1830 - 1840
Detached five-bay double-height single-cell Catholic church, built 1835, on a rectangular plan with single-bay three-stage engaged tower to entrance (east) front on a square plan. "Improved", 1840. Damaged, 1872. Repaired, 1873. Renovated, ----, with sanctuary reordered. Pitched slate roof with lichen-covered clay ridge tiles, cut-granite coping to gables, and replacement cast-iron rainwater goods on timber eaves boards on cut-granite cornice retaining cast-iron downpipes. Replacement cement rendered, ruled and lined battered walls on granite ashlar chamfered plinth with rusticated cut-granite quoins to corners; cement rendered, ruled and lined surface finish (tower) with cut-granite stringcourses including cut-granite stringcourse (bell stage) supporting cut-granite battlemented parapets.

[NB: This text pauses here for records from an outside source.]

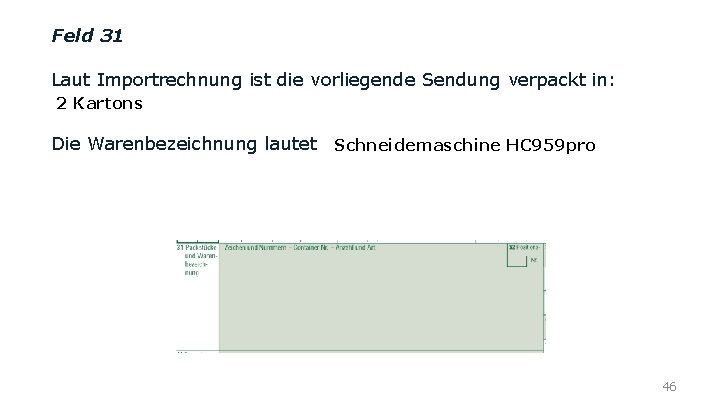 Feld 31 Laut Importrechnung ist die vorliegende Sendung verpackt in: 2 Kartons Die Warenbezeichnung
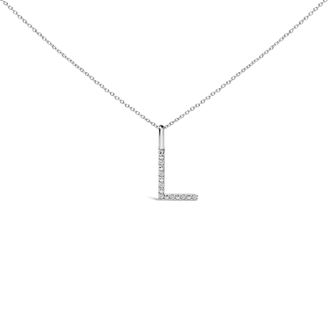 House of Brilliance Sterling Silver Diamond Accent C Initial Pendant Necklace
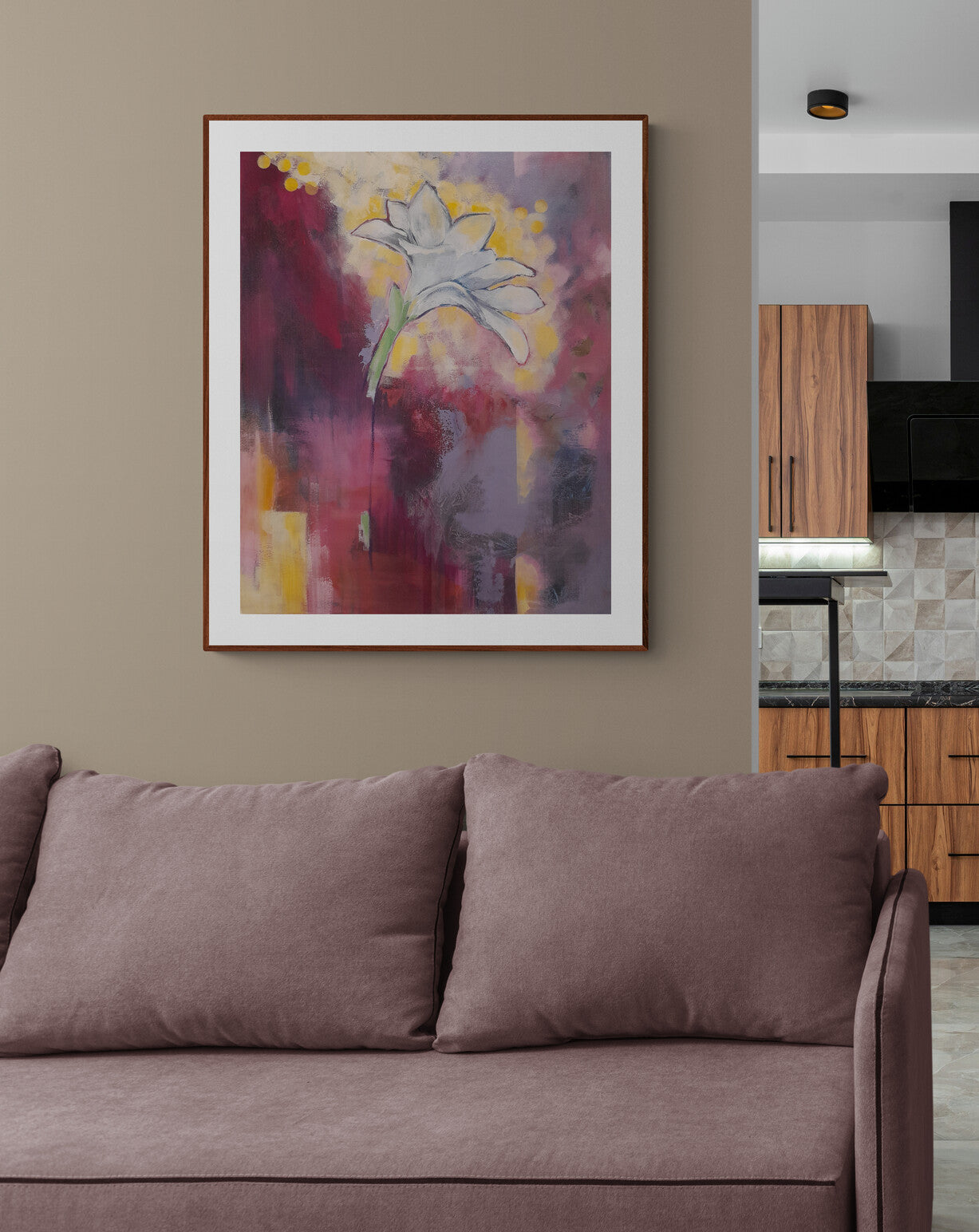 Colorful Day Fine Art Print  featuring vibrant white amaryllis flower with multilayered colors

Pointed-arch window openings with cut-granite sills, timber Y-mullions, and cut-granite surrounds having chamfered reveals framing storm glazing over fixed-pane fittings having stained glass margins centred on square glazing bars with storm glazing (east) over fixed-pane fittings having leaded stained glass panels. "Balistraria" centred on pointed-arch door opening to entrance (east) front with cut-granite surround having chamfered rebated reveals framing timber boarded double doors having overlight. Pointed-arch window opening (second stage) with cut-granite sill, and cut-granite surround having chamfered reveals with hood moulding framing storm glazing over fixed-pane fitting having leaded stained glass panel. Lancet openings (bell stage) with cut-granite sill course, and cut-granite surrounds having chamfered reveals framing louvered timber fittings. Pointed-arch door openings with cut-granite surrounds having chamfered rebated reveals framing timber boarded double doors. Interior including vestibules (east); square-headed door openings into nave with glazed timber panelled double doors; full-height interior with panelled choir gallery (east), linoleum tiled aisles between cruciform-detailed timber pews, paired Gothic-style timber stations between frosted glass windows with pair of stained glass memorial windows (1911), stepped dais to sanctuary (west) reordered, ----, with inlaid cut-veined white marble high altar, and moulded plasterwork cornice to ceiling centred on filigree ventilation roses. Set in relandscaped grounds.
A church erected under the aegis of Reverend J. Doyle PP (d. 1850) representing an important component of the early nineteenth-century ecclesiastical heritage of County Wexford with the architectural value of the composition, 'a spacious and handsome edifice…built by local subscription and one of the largest in the diocese [of Ferns]' (Lewis 1837 I, 8), confirmed by such attributes as the "barn" nave-with-entrance tower plan form, aligned along an inverted liturgically-correct axis; the "pointed" profile of the openings underpinning a contemporary Georgian Gothic theme; and the pinnacle-topped monolithic battlements embellishing the tower as a picturesque eye-catcher in the landscape. Having been well maintained, the elementary form and massing survive intact together with quantities of the historic or original fabric, both to the exterior and to the interior reordered (----) in accordance with the liturgical reforms sanctioned by the Second Ecumenical Council of the Vatican (1962-5) where contemporary joinery; stained glass signed (1911) by James Watson (b. 1859/60) of Youghal, County Cork; a much modified high altar; and plasterwork refinements, all highlight the artistic potential of a church making a pleasing visual statement in a rural village street scene.